Data shown section start
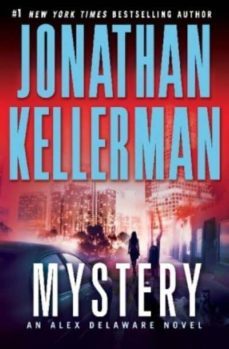 mystery-seymour chwast-9780345527240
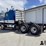 1998-mack-ch613-image-7
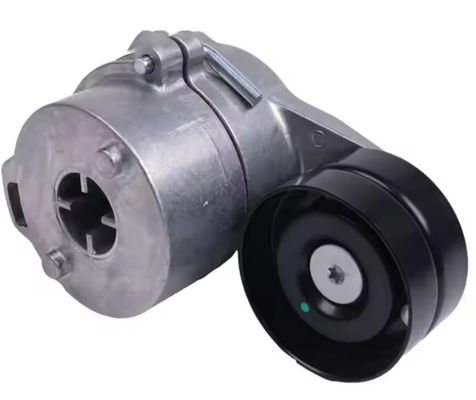 Ekskavatör EC210 240 EC290 D6D D7D Motoru İçin Kayış Gergi 22089205 20459447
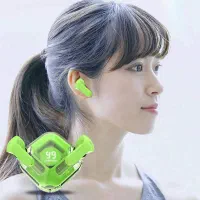 ایرپاد باکیفیت و ضد آب مناسب برای همه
Data shown section end
*Task objective*
Copy out the material above in full and exactly, but with no pictures.

*Your solution*
 mystery-seymour chwast-9780345527240
 1998-mack-ch613-image-7
 Ekskavatör EC210 240 EC290 D6D D7D Motoru İçin Kayış Gergi 22089205 20459447
 ایرپاد باکیفیت و ضد آب مناسب برای همه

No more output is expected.